“‘Hello?’ I answered the phone, recognizing the phone number of my OB office. I can’t tell you how the rest of the conversation went because I was absolutely in shock.
At 11 weeks pregnant, my baby was diagnosed with a rare chromosomal disorder called Trisomy 18, or Edward’s Syndrome. Similar to how Down syndrome is an extra copy of the 21st chromosome, Edward’s Syndrome is characterized by the extra copy of an 18th chromosome. However, unlike Down syndrome, Trisomy 18 is said to be ‘incompatible with life.’
When we received the official diagnosis, I was encouraged to terminate the pregnancy and was told if born, she would look scary and would be a burden on our family. My husband agreed with the doctor and while I refused to terminate, my husband questioned my decision. We had lost our other baby girl, Ellis, 6 months earlier, and we weren’t exactly on the same page about raising a child with special needs.
Soon after I decided to move forward with our daughter’s care, our marriage ended, and I decided to walk this path alone.

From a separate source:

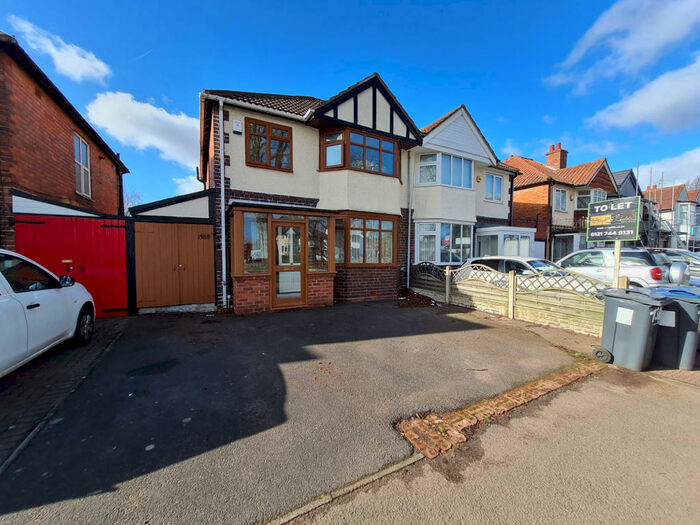 3 Bedroom Semi-Detached House To Rent In Stratford Road, Hall Green, Birmingham, B28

I started talking to my 4-year-old about her sister’s condition and how while I hoped we would be able to meet her, only 50% of babies with her condition are born alive. We started making memories with our baby girl right away, even though she wasn’t even born yet. Christmas presents under the tree, clearing out a closet for her, my best friend even threw baby Charlotte an incredible baby shower. Strangers on the internet got wind of Charlotte’s story and started reaching out to learn more about her, my pregnancy, and how they could help. Through social media, I heard of a hospital in my state that had teams who worked with babies with my daughter’s condition and had a much higher survival rate than the rest of the country. It was very apparent our girl was beyond loved, not only by us but by the world around us.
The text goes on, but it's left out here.